(Instructions to follow) Using the data below, return word for word every line from the one holding "2437 Bedford Street" down to the one holding "45666_tay_game_khong_day_xbox_one_s___phantom_black_007.JPG 10". Leave pictures out.

━━━ Records for processing ━━━

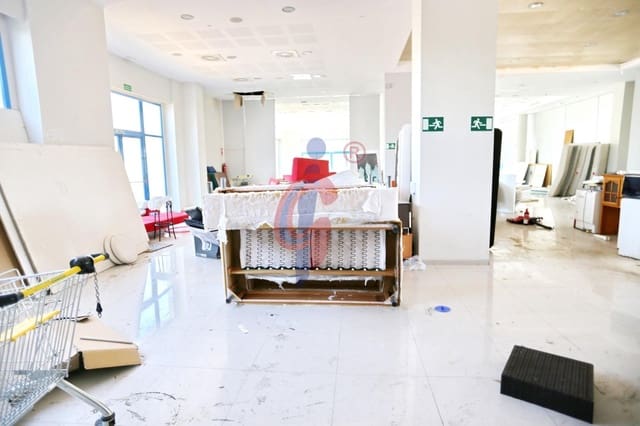 Erhverv til salg i Puerto Deportivo, Guardamar del Segura - € 449.990 (Ref: 9990801)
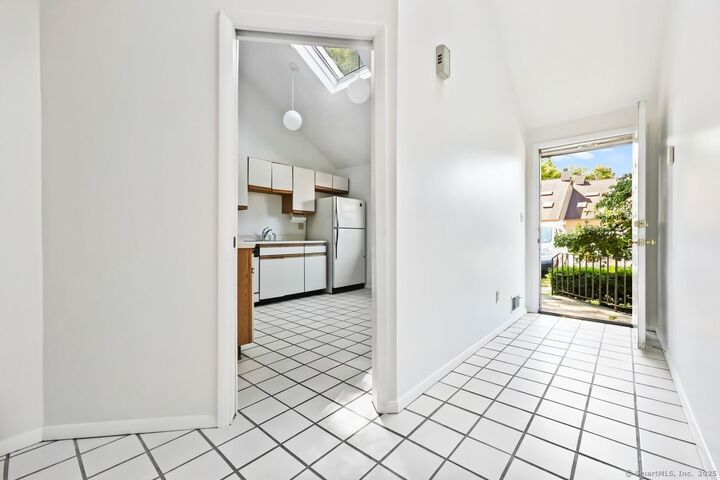 Property Photo:  2437 Bedford Street E6  CT 06905 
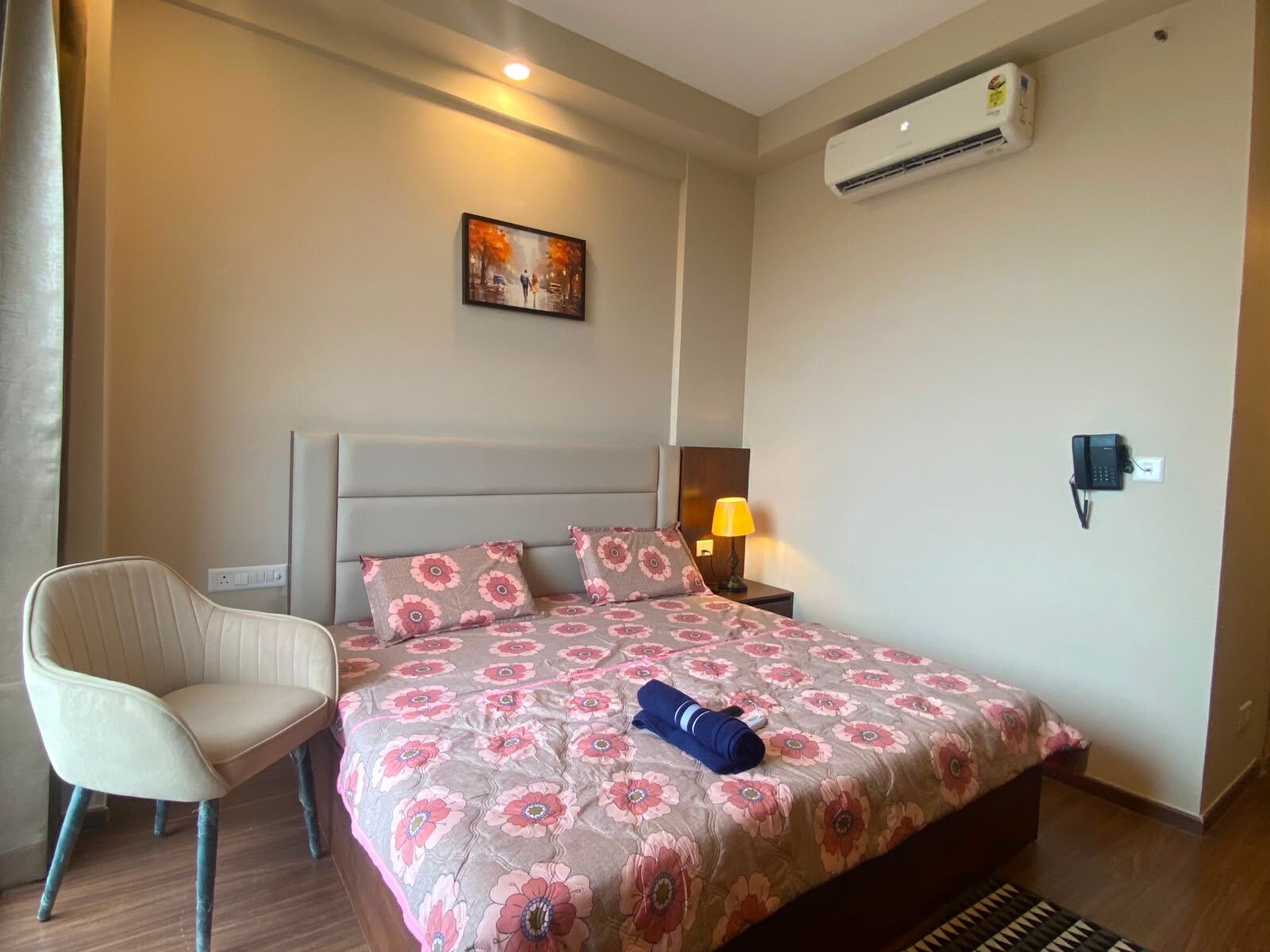 Stay Befikr | Studio Apartment at Omaxe Itc - Tap to explore photos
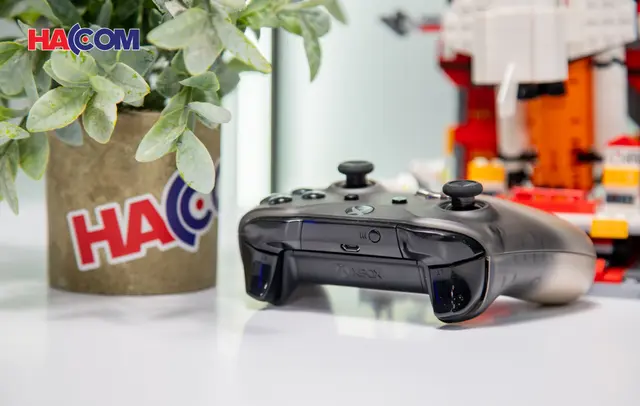 45666_tay_game_khong_day_xbox_one_s___phantom_black_007.JPG 10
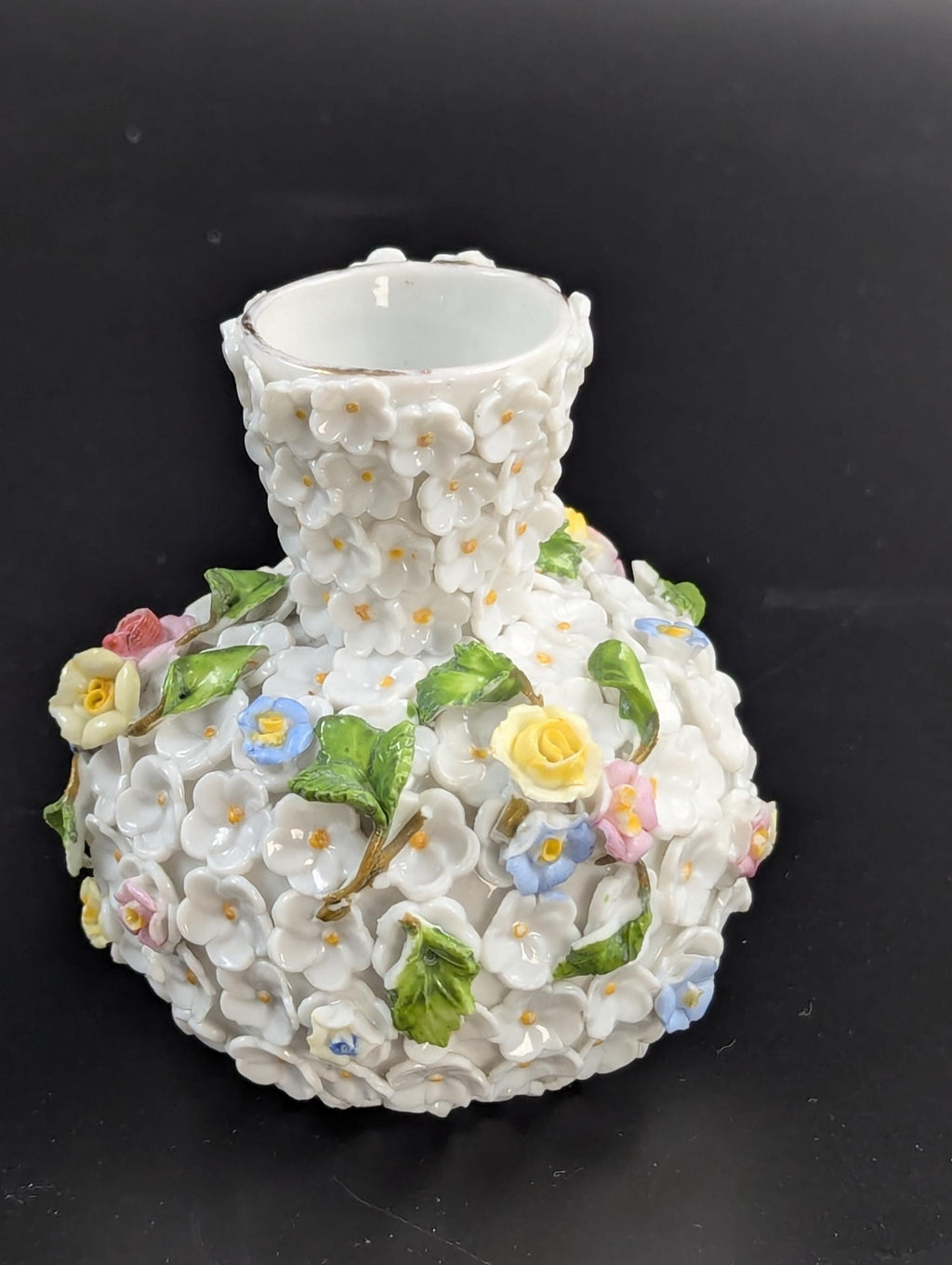 Porcelain Encrusted Vase and Salt Cellar by Bohne Söhne Rudolstadt, c. 1880.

━━━

(Written response)
 Property Photo:  2437 Bedford Street E6  CT 06905 
 Stay Befikr | Studio Apartment at Omaxe Itc - Tap to explore photos
 45666_tay_game_khong_day_xbox_one_s___phantom_black_007.JPG 10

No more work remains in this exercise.